Tips for Using and Storing Leeks
- Leeks are a great addition to many dishes including soups, salads and casseroles.
- To wash leeks, cut them in half lengthwise, keeping the root intact. Run water over the whole leek, rifling through the layers to give them a good rinse. If needed, do this a few times to make sure all of the fine sand is removed.
- Store fresh leeks unwashed and untrimmed in the refrigerator, where they will keep fresh for 1 to 2 weeks. Wrapping them loosely in a plastic bag will help retain moisture.
- Leeks should have firm, crisp stalks with as much white and light green regions as possible. Do not eat leeks with yellow or withered tops. When preparing leeks, slice off the dark green end, trimming to the part where the color is a pale green. Note: The dark green leaves are tougher than the tender, juicy stalk of the leek. Chop and
sauté the dark green parts until starting to brown before adding in the white/light green parts. Cook on low until caramelized. You can also use the tougher parts for soup stock.

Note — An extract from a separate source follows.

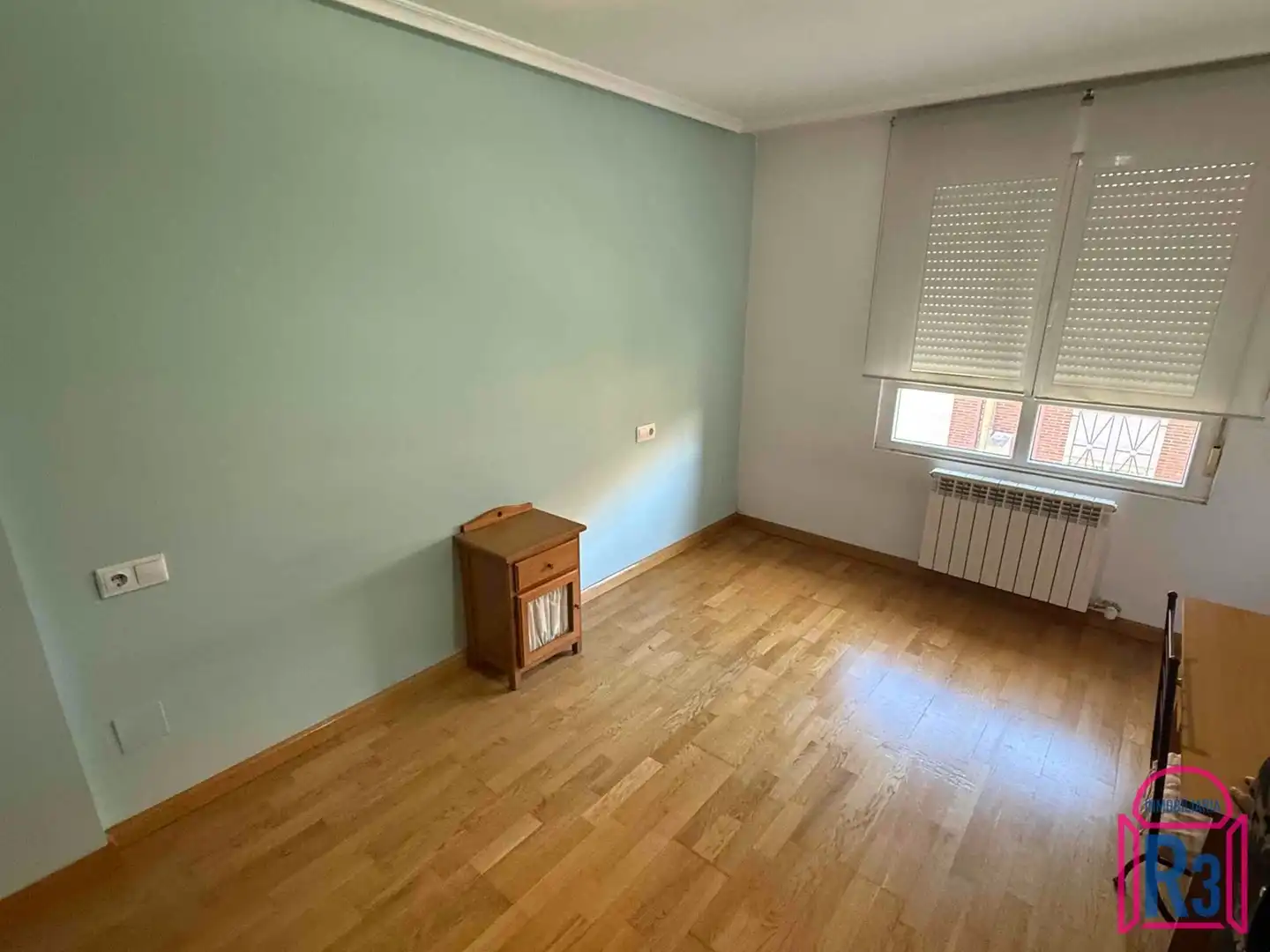 Dormitori de Casa adosada de lloguer en Villaquilambre amb Calefacció, Jardí privat i Moblat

- Cooked leeks are highly perishable, and even when kept in the refrigerator will only stay fresh for about 2 days.
- Leeks can be frozen, pickled, canned or dehydrated. To freeze leeks, trim and then blanch them for 2 to 3 minutes in boiling water. Cool rapidly, towel dry, and place in freezer bags.

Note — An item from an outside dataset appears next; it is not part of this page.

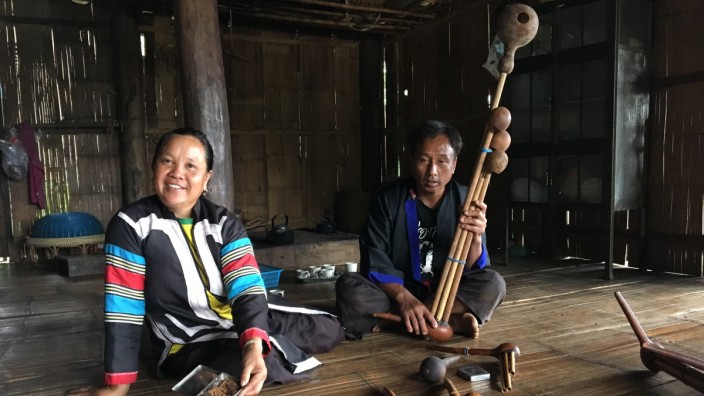 Homestays in Thailand: Die Bäuerin Nakor (links) und ihr Mann Jaha zeigen ihre sieben Musikinstrumente - einige davon gibt es nur im Norden Thailands.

This week’s meal plans are provided by Rachel Henderson of Mary Dirty Face Farm
Roasted Leeks and Carrots, adapted from Martha Stewart Living
- 1 bunch leeks (about 1 pound)
- 1 1/2 pounds large carrots
- 2 tablespoons olive oil
- 1 teaspoon coarse salt
- 1/4 teaspoon ground pepper
- 1. Preheat oven to 375 degrees. Trim and discard dark-green parts from leeks. Halve leeks lengthwise, and cut crosswise into 1-inch pieces. Rinse well in cold water to remove grit.
- 2. On a rimmed baking sheet, toss leeks with carrots, cut into 1-inch chunks, and olive oil; season with coarse salt and ground pepper.

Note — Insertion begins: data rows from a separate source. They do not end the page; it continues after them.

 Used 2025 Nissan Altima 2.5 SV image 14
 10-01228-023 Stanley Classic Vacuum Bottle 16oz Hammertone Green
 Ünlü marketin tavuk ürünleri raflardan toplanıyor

- 3. Spread in a single layer; roast until vegetables are golden and tender, tossing halfway through, about 40 minutes.
2 tbsp. mayonnaise
2 tbsp. plain yogurt (Greek or regular)
1 tbsp. lemon juice
1 c. chopped apples
1 c. sliced celery
1/4 c. chopped parsley
Kosher salt and Freshly ground black pepper
1 c. walnuts, toasted
Mixed lettuce, for serving
- In a large bowl, whisk together mayonnaise, yogurt, and lemon juice.
- Add apple, celery, and parsley and fold until just combined. Season with salt and pepper. Top with walnuts and serve over lettuce.
Garlicky Collard Greens
- 1 lb. chopped collard greens
- 2 Tbs. olive oil
- 4 cloves garlic, minced (about 4 tsp.)
1. Bring large pot of salted water to a boil. Add collard greens, and blanch 5 minutes. Drain.
2. Heat olive oil in same pot over medium heat. Add garlic, and sauté 1 to 2 minutes, or until golden brown and fragrant. Lower heat, add greens, and sauté 15 minutes, or until tender. Season with salt and pepper, and serve warm over rice, polenta, or other grain.
Rosemary Lamb Kabobs
- 1 pound lamb Kabab meat
- 2 tablespoons Dijon mustard
- 1 tablespoons white wine vinegar
- 1 tablespoons olive oil
- 1/2 teaspoon salt
- 1/2 teaspoon black pepper
- 1 teaspoon chopped fresh rosemary
- 4 cloves garlic, chopped
- 1 green bell pepper, cut into large chunks
- Place lamb in a large bowl.
- In a separate bowl, stir together mustard, vinegar, olive oil, salt, pepper, rosemary, sage, and garlic. Pour over lamb, and mix to coat meat. Cover, and refrigerate overnight.
- Preheat outdoor grill for direct heat.
- Place marinated lamb on skewer, alternating with peppers and other vegetables of your choice.
- Place skewers on preheated grill, and cook for about 12 minutes, turning and brushing with melted butter or oil.